In this particular example, system-on-chip 700 includes processor cores 702 and memory 704. Memory 704 may include any suitable type of memory, such as volatile memory (e.g., DRAM), non-volatile memory (e.g., flash), cache, and the like. For example, memory 704 may comprise memories 112-1-112-N in FIG. 1. In the context of this disclosure, memory 704 is implemented as a storage medium, and does not include transitory propagating signals or carrier waves. Memory 704 can store data and processor-executable instructions of system-on-chip 700, such as operating system 708 and other applications. Processor cores 702 may execute operating system 708 and other applications from memory 704 to implement functions of system-on-chip 700, the data of which may be stored to memory 706 for future access. For example, processor cores may comprise baseband processors 110-1-110-N in FIG. 1, and implement modem functions. System-on-chip 700 may also include I/O logic 710, which can be configured to provide a variety of I/O ports or data interfaces for off-chip communication.

System-on-chip 700 also includes interconnect ring busses 206-1-206-2 and interconnect nodes 215-1-216-M which may be configured as a dual interconnect ring bus as illustrated in FIG. 2 and FIG. 3 to route data among processors connected to the interconnect nodes 215-1-215-M. For example, processors comprising processor cores 702 may be connected to interconnect nodes 215-1-215-M using interconnect ring busses 206-1-206-2 to form a bi-directional, dual interconnect ring that routes data to the processors to implement functions of a modem.

System-on-chip 700 also includes analog RF circuitry 102 and baseband circuitry 104, which may be embodied separately or combined with other components described herein.

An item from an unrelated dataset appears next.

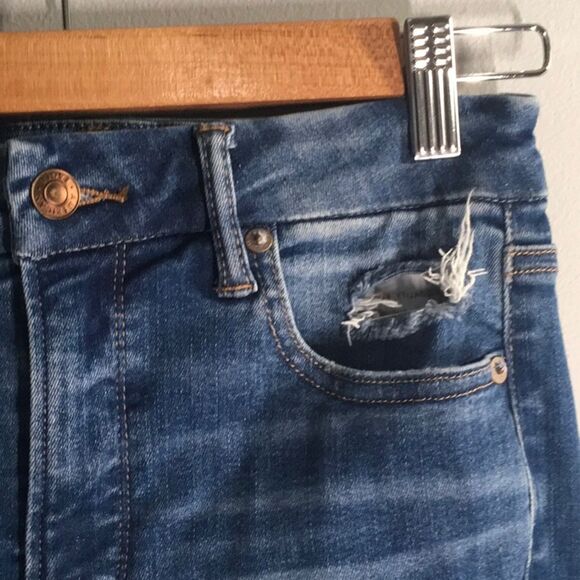 American Eagle jeans women's size 2 long 2L blue curvy super hi-rise jeg… - Picture 12 of 16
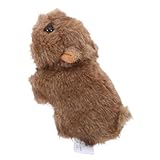 minkissy Plüsch Slap Armband Groundhog Armband Kuscheliges Tiermotiv Weiches Stoffarmband...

For example, baseband circuitry 104 may be connected to interconnect ring busses 206-1-206-2 via a node, such as nodes 215-1-215-M, to implement functions of a modem concurrently or in combination with processors comprising processor cores 702. Alternately or additionally, baseband circuitry 104 and the other components can be implemented as hardware, firmware, fixed logic circuitry, or any combination thereof that is implemented in connection with interconnect ring busses 206-1-206-2 and/or other signal processing and control circuits of system-on-chip 700.

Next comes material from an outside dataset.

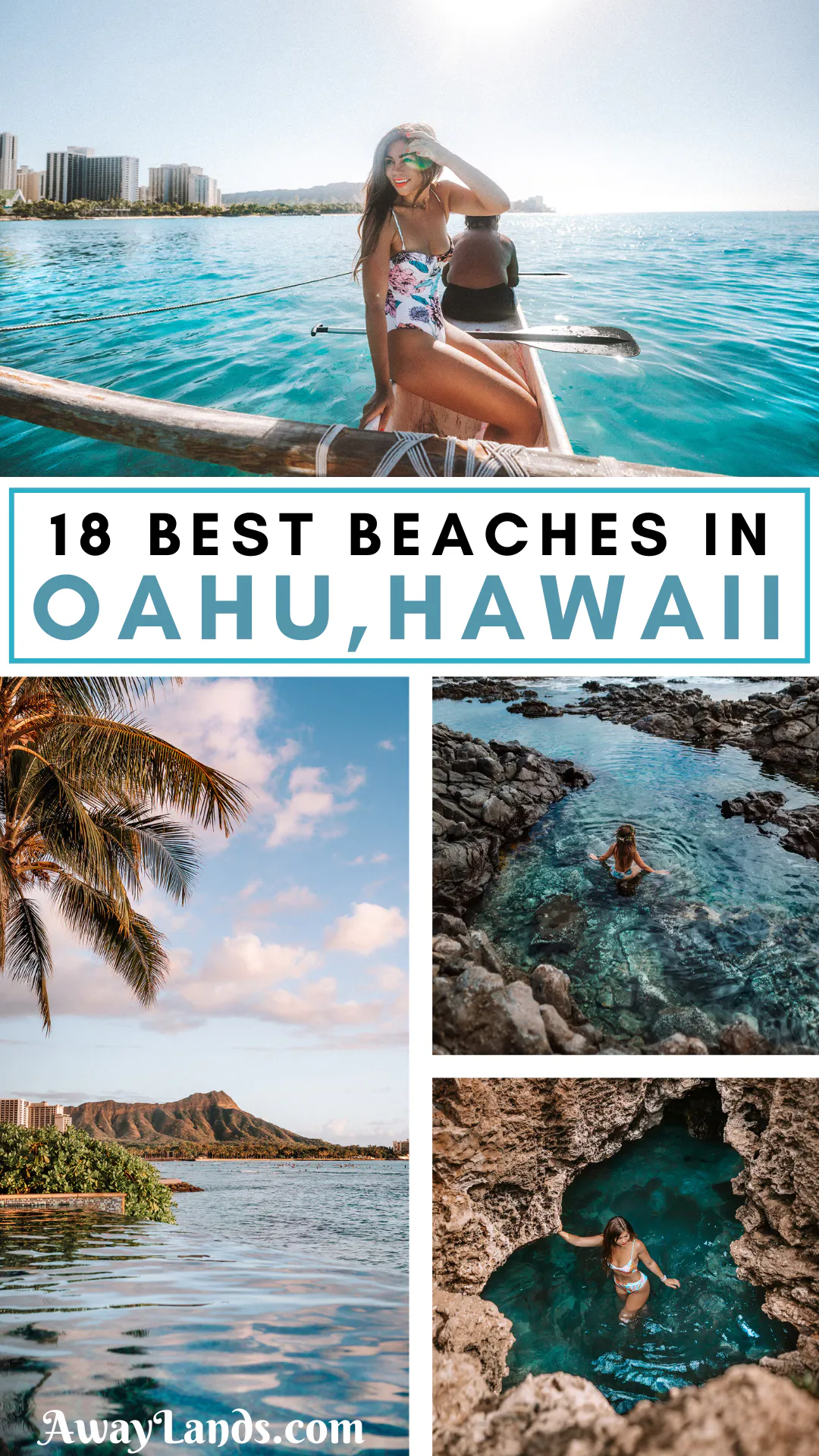 From the prettiest, bluest water in the Hawaiian Islands to the North Shore, tide pools, and secret mermaid caves, Oahu has some of the most beautiful beaches in Hawaii, circling all around every side of the island. Here is your go-to guide for everything you need to know to find the best beaches in Oahu Hawaii. | oahu beaches map | top beaches in oahu | best beaches on oahu hawaii | oahu beaches pictures | hawaii oahu beaches | best beaches in hawaii oahu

In one or more exemplary embodiments, the functions described may be implemented in hardware, software, firmware, or any combination thereof. If implemented in software, functions may be stored on a computer-readable storage medium (CRM). In the context of this disclosure, a computer-readable storage medium may be any available medium that can be accessed by a general-purpose or special-purpose computer that does not include transitory propagating signals or carrier waves. By way of example, and not limitation, such media can comprise RAM, ROM, EEPROM, CD-ROM or other optical disk storage, magnetic disk storage, or other magnetic storage devices, or any other non-transitory medium that can be used to carry or store information that can be accessed by a general-purpose or special-purpose computer, or a general-purpose or special-purpose processor. The information can include any suitable type of data, such as computer readable instructions, sampled signal values, data structures, program components, or other data. These examples, and any combination of storage media and/or memory devices, are intended to fit within the scope of non-transitory computer-readable media. Disk and disc, as used herein, includes compact disc (CD), laser disc, optical disc, digital versatile disc (DVD), floppy disk and Blu-ray disc where disks usually reproduce data magnetically, while discs reproduce data optically with a laser. Combinations of the above should also be included within the scope of computer-readable media.

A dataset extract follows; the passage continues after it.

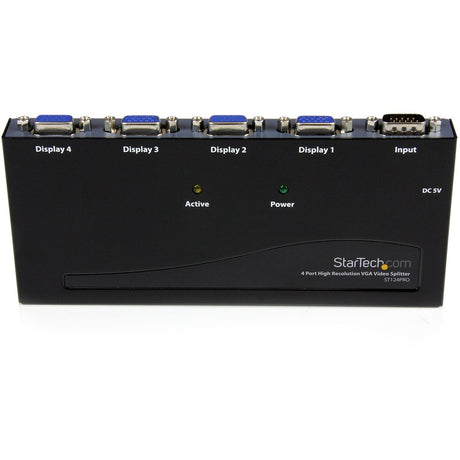 StarTech.com 4 Port High Resolution VGA Video Splitter - 300 MHz - VideoView Pro 47 Port High Resolution 300 MHz Video Splitter - Video splitter - 4 ports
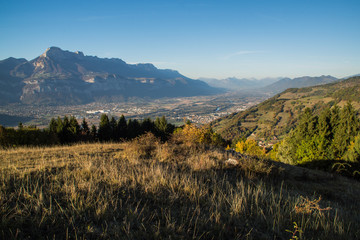 Massif de Belledonne - Vallée du Grésivaudan.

Firmware components include electronic components with programmable memory configured to store executable instructions that direct the electronic component how to operate. In some cases, the executable instructions stored on the electronic component are permanent, while in other cases, the executable instructions can be updated and/or altered. At times, firmware components can be used in combination with hardware components and/or software components.

The term “component”, “module”, and “system” are indented to refer to one or more computer related entities, such as hardware, firmware, software, or any combination thereof, as further described above. At times, a component may refer to a process and/or thread of execution that is defined by processor-executable instructions. Alternately or additionally, a component may refer to various electronic and/or hardware entities.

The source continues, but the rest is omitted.